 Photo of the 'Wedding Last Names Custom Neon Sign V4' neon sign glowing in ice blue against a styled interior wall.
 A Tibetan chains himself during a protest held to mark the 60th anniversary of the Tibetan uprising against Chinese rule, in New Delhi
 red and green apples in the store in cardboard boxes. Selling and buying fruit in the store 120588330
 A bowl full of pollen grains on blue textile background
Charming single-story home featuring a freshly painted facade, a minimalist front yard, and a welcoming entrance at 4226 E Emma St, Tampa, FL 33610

※ ※ ※

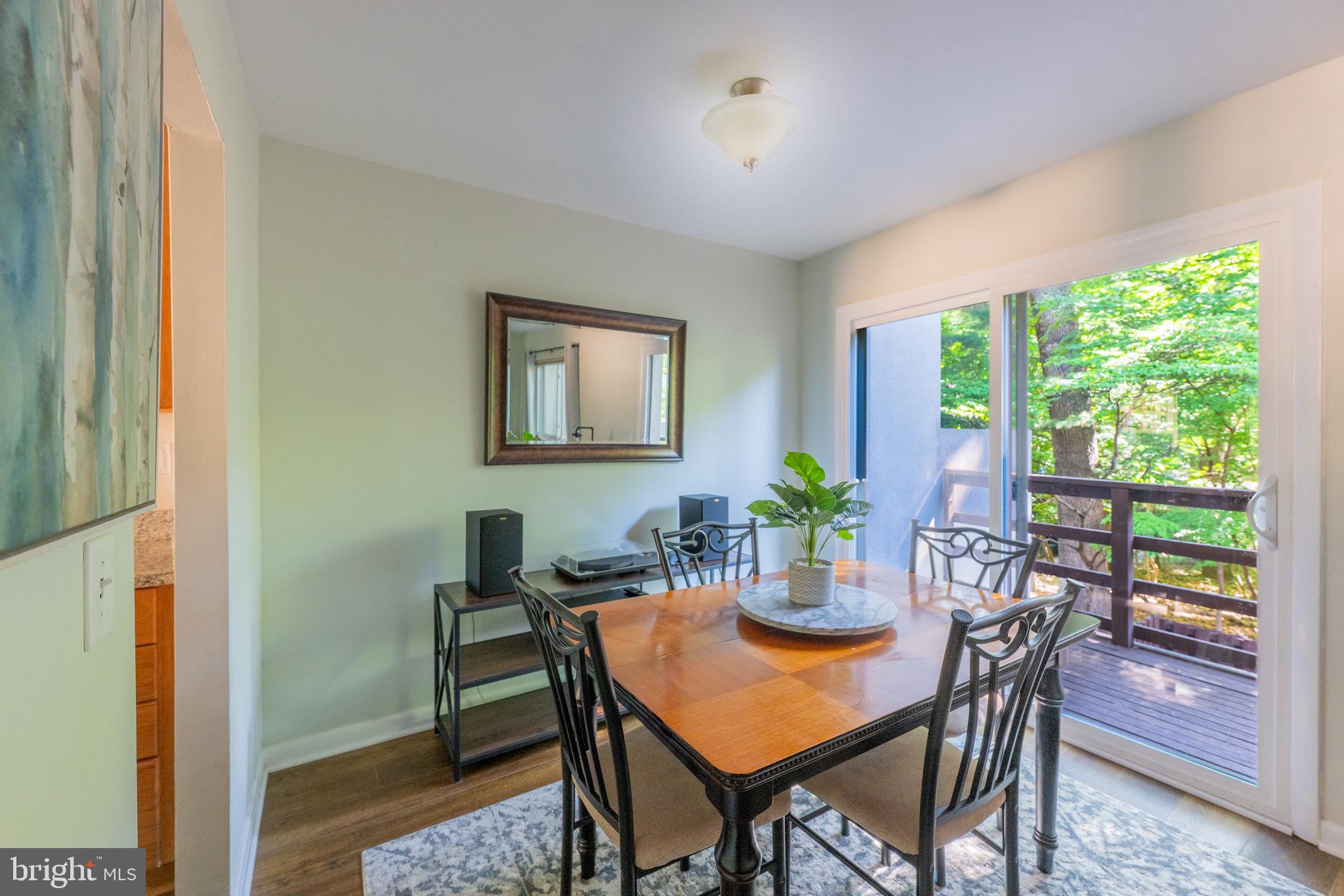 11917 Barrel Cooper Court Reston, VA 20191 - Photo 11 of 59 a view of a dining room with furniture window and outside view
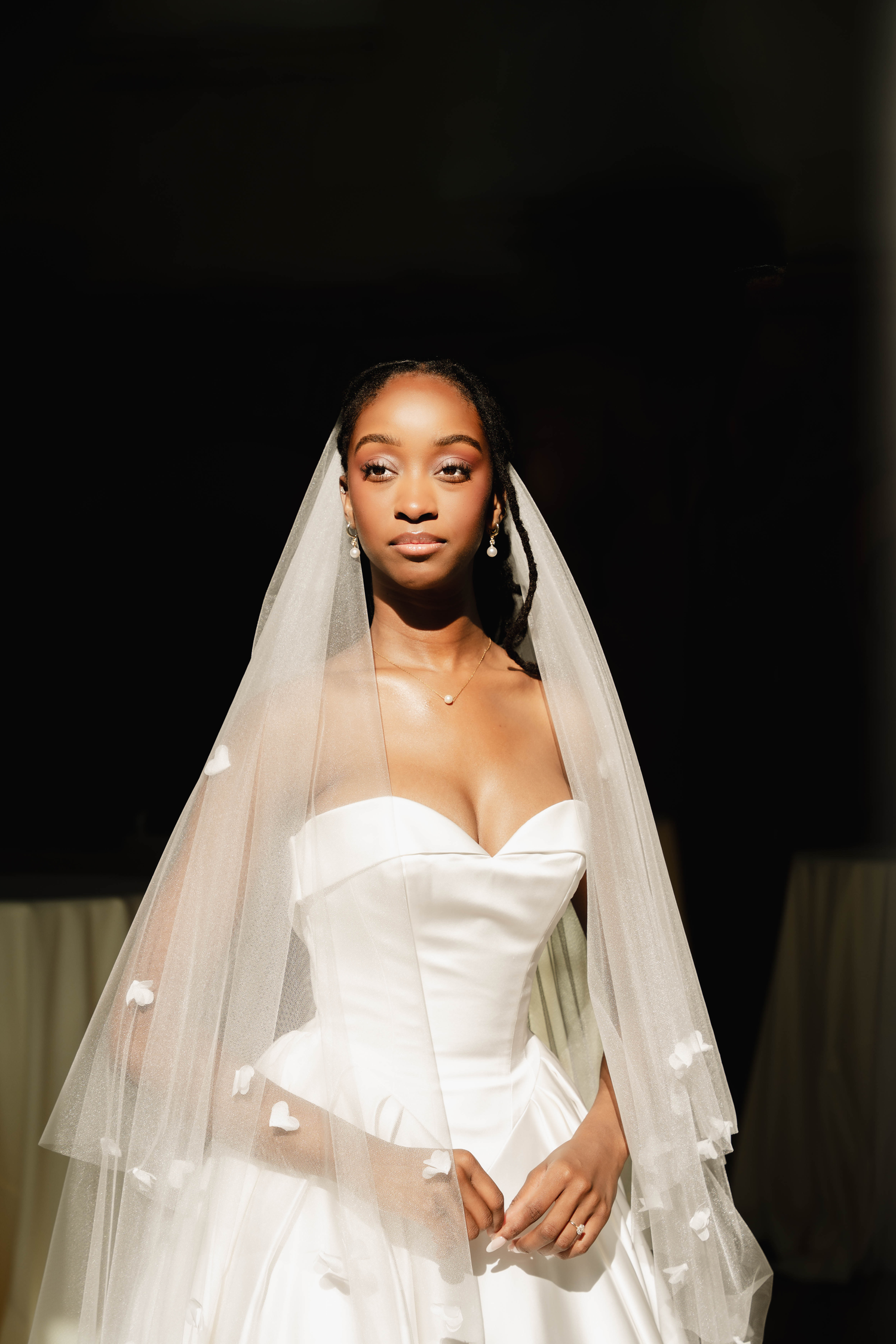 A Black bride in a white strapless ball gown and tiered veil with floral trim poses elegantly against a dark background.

※ ※ ※

▶ Exercise details: Of the lines above, retype only those from the line containing "Photo of the" through the line containing "A bowl full", including both, exactly.

▶ Response for this exercise:
 Photo of the 'Wedding Last Names Custom Neon Sign V4' neon sign glowing in ice blue against a styled interior wall.
 A Tibetan chains himself during a protest held to mark the 60th anniversary of the Tibetan uprising against Chinese rule, in New Delhi
 red and green apples in the store in cardboard boxes. Selling and buying fruit in the store 120588330
 A bowl full of pollen grains on blue textile background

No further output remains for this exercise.